076,001 et 197,001- Bertran d'Alamanon

COMMENTAIRE HISTORIQUE POUR LES PIECES XI ET XII.

 

Dans le manuscrit, l’interlocuteur de Bertran, dans les pièces XI & XII, est appelé simplement Guigo. Pourtant, Bartsch & M. Chabaneau ont attribué ces pièces à Guigo de Cabanas, &, je crois, avec raison ; car la seule pièce qui, dans le manuscrit, est mise sous le nom de Guigo de Cabanas, est un échange de coblas avec Eschileta (1) ; or, elle y est immédiatement suivie de notre poésie.

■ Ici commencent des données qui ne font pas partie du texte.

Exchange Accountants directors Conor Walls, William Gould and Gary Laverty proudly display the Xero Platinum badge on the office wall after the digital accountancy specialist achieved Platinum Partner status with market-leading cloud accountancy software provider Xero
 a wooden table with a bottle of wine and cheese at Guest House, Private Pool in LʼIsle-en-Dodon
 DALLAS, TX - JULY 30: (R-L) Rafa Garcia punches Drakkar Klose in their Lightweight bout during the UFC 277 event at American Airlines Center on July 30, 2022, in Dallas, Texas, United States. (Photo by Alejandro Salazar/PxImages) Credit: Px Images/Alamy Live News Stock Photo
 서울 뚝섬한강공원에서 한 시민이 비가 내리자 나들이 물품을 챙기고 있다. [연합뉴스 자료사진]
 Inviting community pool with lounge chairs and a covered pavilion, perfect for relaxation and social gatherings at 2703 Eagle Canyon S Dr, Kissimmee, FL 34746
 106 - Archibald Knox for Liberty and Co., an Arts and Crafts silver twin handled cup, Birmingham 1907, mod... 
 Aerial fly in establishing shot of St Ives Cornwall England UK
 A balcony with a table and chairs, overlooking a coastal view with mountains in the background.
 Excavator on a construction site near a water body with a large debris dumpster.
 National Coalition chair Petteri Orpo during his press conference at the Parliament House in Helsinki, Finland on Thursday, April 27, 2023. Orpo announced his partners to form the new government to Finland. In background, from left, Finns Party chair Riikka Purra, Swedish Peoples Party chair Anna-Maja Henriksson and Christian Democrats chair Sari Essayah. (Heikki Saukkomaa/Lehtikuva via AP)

Puis, comme il n’est pas trop risqué de considérer comme la même personne les deux Guigo qui ont tensonné avec Bertran, c’est à Guigo de Cabanas aussi qu’on peut attribuer le nº XII.

Seulement, cela ne nous avance guère, car nous ne possédons aucun renseignement sur ce personnage. Nous ne savons pas non plus si c’est à lui qu’on doit attribuer les deux tensons que Bartsch cite sous le nº 196, car aucune des deux pièces de « Guigo » qui y sont signalées ne fournit un point d’appui.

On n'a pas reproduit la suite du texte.